4.6 The State party contends that the author has failed to show that his detention and subsequent removal to the United States raise any issues under articles 6, 7, 10 or 14, paragraph 5 of the Covenant. If the Committee is of the opinion that these articles do apply to the instant case, the State party argues that the author has failed to substantiate any of these claims for the purposes of admissibility.

4.7 With respect to the alleged violation of articles 7 and 10, the State party argues that the author has not cited any authority in support of his proposition that the “death row phenomenon” can apply to a prisoner detained in an abolitionist State for crimes committed in that State, where that person has been previously sentenced to capital punishment in another State. The author was sentenced to imprisonment for robberies he committed in Canada and was not on death row in Canada. It is submitted, therefore, that the “death row phenomenon” does not apply in the circumstances and he has no claim under articles 7 and 10.

4.8 On the author’s argument that the sentencing in Canada had no valid objective as he had been sentenced to death in the United States, the State party submits that the sentencing principle of retribution, denunciation and deterrence require the imposition of a sentence in Canada for crimes committed in Canada.

4.9 According to the State party, if fugitives in Canada facing the death penalty were not prosecuted and sentenced for crimes in Canada, this would lead to potential abuses. First, it would create a double standard of justice. Such fugitives would be immune from prosecution while individuals not facing the death penalty would be prosecuted and sentenced, even though the crime committed in Canada was the same in both cases. Similarly, it would encourage lawlessness among such fugitives since in Canada they would be de facto immune from prosecution and imprisonment. In essence, fugitives sentenced to death for murder in the United States would be given a “carte blanche” to commit subsequent offences in Canada.

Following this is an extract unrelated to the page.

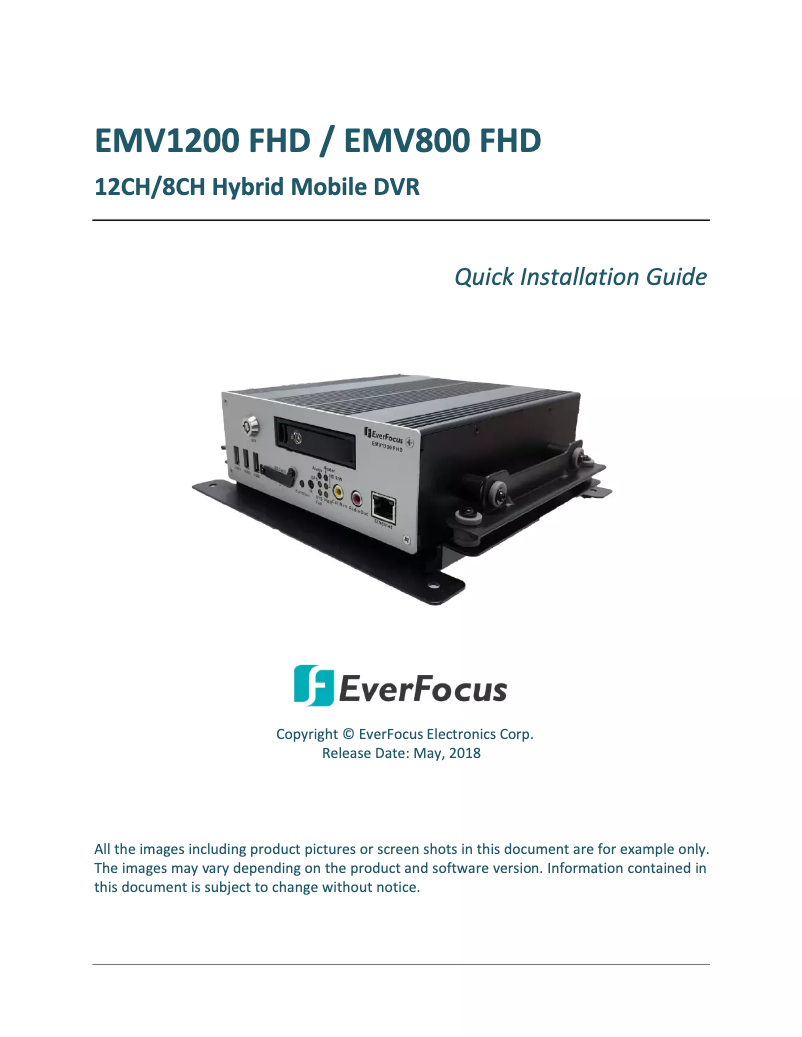 Page n°1 - Manuel utilisateur EverFocus EMV800FHD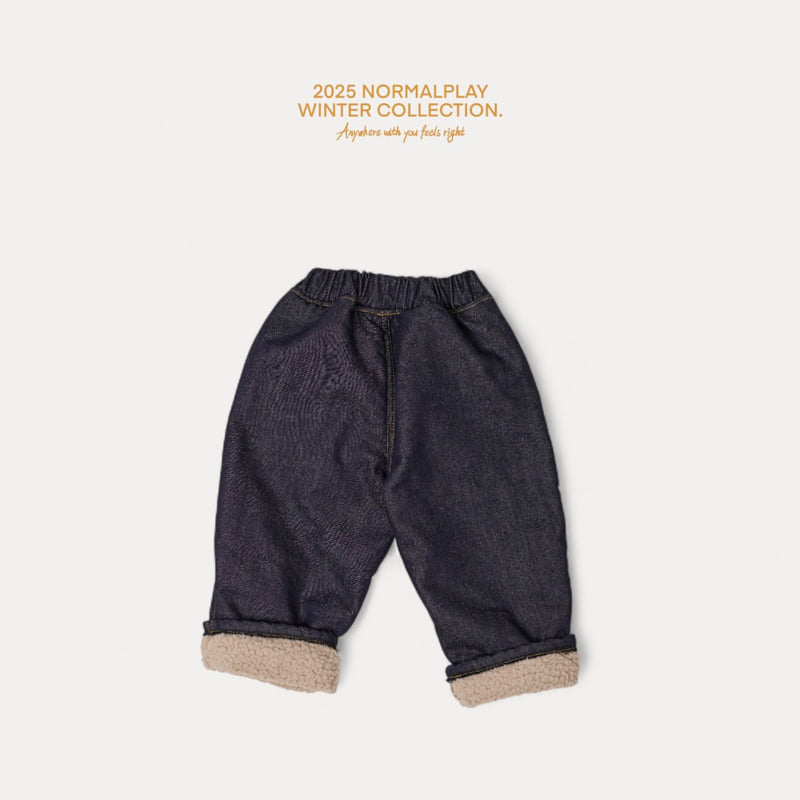 Normalplay - Korean Children Fashion - #minifashionista - Chacha Fleece Denim Pants - 4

4.10 If the Committee were to find that the facts of this case do raise issues under articles 7 and 10, the State party submits that the author has not substantiated a violation of these articles for the purposes of admissibility. The State party argues that the Committee has on many occasions reiterated that lengthy detention on death row does not constitute a violation of articles 7 and 10 in the absence of some further compelling circumstances. [FN4] It states that the facts and circumstances of each case need to be examined, and that in the past the Committee has had regard to the relevant personal factors of the author, the specific conditions of detention on death row and whether the proposed method of execution is particularly abhorrent. No such circumstances apply in this case. Moreover, it states that, where the delay in awaiting execution is the fault of the accused, such as where he escapes custody, the accused cannot be allowed to take advantage of this delay. In this case, the delay arises from the author’s own criminal acts, his escape and the robberies he committed in Canada. [FN5]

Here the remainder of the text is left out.